Exercise prompt: The entries below contain a stretch that opens with the line containing "Slide: The Image" and closes with the line containing "President Barack Obama"; set down that stretch exactly, both ends included, and nothing else.
--- Provided material ---
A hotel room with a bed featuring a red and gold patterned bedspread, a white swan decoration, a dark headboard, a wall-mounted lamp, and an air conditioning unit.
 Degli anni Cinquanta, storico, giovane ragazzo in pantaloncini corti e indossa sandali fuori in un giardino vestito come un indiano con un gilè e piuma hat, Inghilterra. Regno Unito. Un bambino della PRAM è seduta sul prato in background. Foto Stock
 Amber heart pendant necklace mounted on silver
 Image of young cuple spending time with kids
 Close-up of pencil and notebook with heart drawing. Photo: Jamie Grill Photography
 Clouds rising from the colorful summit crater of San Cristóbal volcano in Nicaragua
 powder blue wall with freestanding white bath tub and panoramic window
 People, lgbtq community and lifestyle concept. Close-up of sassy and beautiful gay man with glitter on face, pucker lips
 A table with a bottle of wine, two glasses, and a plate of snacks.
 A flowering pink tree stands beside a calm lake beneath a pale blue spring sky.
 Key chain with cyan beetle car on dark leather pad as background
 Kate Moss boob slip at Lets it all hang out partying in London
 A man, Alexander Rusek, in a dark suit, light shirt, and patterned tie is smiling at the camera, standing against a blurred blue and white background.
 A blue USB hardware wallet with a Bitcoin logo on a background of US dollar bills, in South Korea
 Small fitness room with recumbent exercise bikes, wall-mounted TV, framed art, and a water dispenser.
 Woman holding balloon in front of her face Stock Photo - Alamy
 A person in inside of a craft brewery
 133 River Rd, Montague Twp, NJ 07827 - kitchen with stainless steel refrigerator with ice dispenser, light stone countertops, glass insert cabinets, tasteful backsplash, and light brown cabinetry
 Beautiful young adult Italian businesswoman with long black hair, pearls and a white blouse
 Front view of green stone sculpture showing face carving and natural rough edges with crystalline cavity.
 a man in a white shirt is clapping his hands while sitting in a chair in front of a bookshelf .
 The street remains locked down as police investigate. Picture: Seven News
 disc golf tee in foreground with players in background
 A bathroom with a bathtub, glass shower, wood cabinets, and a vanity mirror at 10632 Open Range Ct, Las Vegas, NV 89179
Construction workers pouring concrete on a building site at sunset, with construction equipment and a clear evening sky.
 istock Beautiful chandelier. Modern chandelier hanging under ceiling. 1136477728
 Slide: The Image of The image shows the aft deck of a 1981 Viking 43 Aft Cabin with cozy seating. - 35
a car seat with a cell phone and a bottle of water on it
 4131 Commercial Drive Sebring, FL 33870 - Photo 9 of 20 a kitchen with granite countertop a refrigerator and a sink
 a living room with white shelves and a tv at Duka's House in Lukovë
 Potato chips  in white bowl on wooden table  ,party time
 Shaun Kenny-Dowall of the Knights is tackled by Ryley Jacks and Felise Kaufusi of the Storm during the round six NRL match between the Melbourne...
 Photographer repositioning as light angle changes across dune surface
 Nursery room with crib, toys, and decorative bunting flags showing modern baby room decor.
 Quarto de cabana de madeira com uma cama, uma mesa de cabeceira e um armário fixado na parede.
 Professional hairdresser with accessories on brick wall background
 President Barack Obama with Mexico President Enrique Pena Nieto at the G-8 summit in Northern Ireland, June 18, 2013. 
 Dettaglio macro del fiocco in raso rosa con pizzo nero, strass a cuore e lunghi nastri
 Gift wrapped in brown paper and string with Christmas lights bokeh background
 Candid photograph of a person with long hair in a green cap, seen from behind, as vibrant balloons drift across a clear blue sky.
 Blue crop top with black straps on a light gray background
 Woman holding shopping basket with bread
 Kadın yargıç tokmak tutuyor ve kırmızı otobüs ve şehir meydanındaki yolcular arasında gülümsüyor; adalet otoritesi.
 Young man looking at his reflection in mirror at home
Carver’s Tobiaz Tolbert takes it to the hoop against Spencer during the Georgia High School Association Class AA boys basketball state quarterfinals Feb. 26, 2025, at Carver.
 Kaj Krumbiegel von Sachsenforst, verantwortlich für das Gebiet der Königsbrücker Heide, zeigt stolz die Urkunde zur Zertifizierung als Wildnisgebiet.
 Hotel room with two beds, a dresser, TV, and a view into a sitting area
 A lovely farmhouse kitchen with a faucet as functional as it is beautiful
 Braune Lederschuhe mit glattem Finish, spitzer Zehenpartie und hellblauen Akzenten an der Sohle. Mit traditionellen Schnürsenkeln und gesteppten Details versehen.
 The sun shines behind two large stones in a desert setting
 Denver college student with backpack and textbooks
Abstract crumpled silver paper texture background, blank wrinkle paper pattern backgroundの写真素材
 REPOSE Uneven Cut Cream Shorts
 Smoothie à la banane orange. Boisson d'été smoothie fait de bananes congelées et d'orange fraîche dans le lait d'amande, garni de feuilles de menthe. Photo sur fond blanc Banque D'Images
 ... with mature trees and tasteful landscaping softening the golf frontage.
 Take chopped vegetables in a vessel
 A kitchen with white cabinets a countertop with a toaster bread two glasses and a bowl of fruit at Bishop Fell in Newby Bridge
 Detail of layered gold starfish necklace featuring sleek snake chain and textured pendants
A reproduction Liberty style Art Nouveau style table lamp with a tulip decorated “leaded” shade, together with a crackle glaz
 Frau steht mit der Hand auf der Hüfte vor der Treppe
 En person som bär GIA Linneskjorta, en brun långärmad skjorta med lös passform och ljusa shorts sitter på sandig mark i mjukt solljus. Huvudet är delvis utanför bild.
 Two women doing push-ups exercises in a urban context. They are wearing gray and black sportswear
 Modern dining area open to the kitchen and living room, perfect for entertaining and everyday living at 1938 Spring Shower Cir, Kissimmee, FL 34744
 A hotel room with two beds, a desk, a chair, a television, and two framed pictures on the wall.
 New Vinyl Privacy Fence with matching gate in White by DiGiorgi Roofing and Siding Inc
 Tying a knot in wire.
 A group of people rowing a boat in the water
---
Answer section:
 Slide: The Image of The image shows the aft deck of a 1981 Viking 43 Aft Cabin with cozy seating. - 35
a car seat with a cell phone and a bottle of water on it
 4131 Commercial Drive Sebring, FL 33870 - Photo 9 of 20 a kitchen with granite countertop a refrigerator and a sink
 a living room with white shelves and a tv at Duka's House in Lukovë
 Potato chips  in white bowl on wooden table  ,party time
 Shaun Kenny-Dowall of the Knights is tackled by Ryley Jacks and Felise Kaufusi of the Storm during the round six NRL match between the Melbourne...
 Photographer repositioning as light angle changes across dune surface
 Nursery room with crib, toys, and decorative bunting flags showing modern baby room decor.
 Quarto de cabana de madeira com uma cama, uma mesa de cabeceira e um armário fixado na parede.
 Professional hairdresser with accessories on brick wall background
 President Barack Obama with Mexico President Enrique Pena Nieto at the G-8 summit in Northern Ireland, June 18, 2013. 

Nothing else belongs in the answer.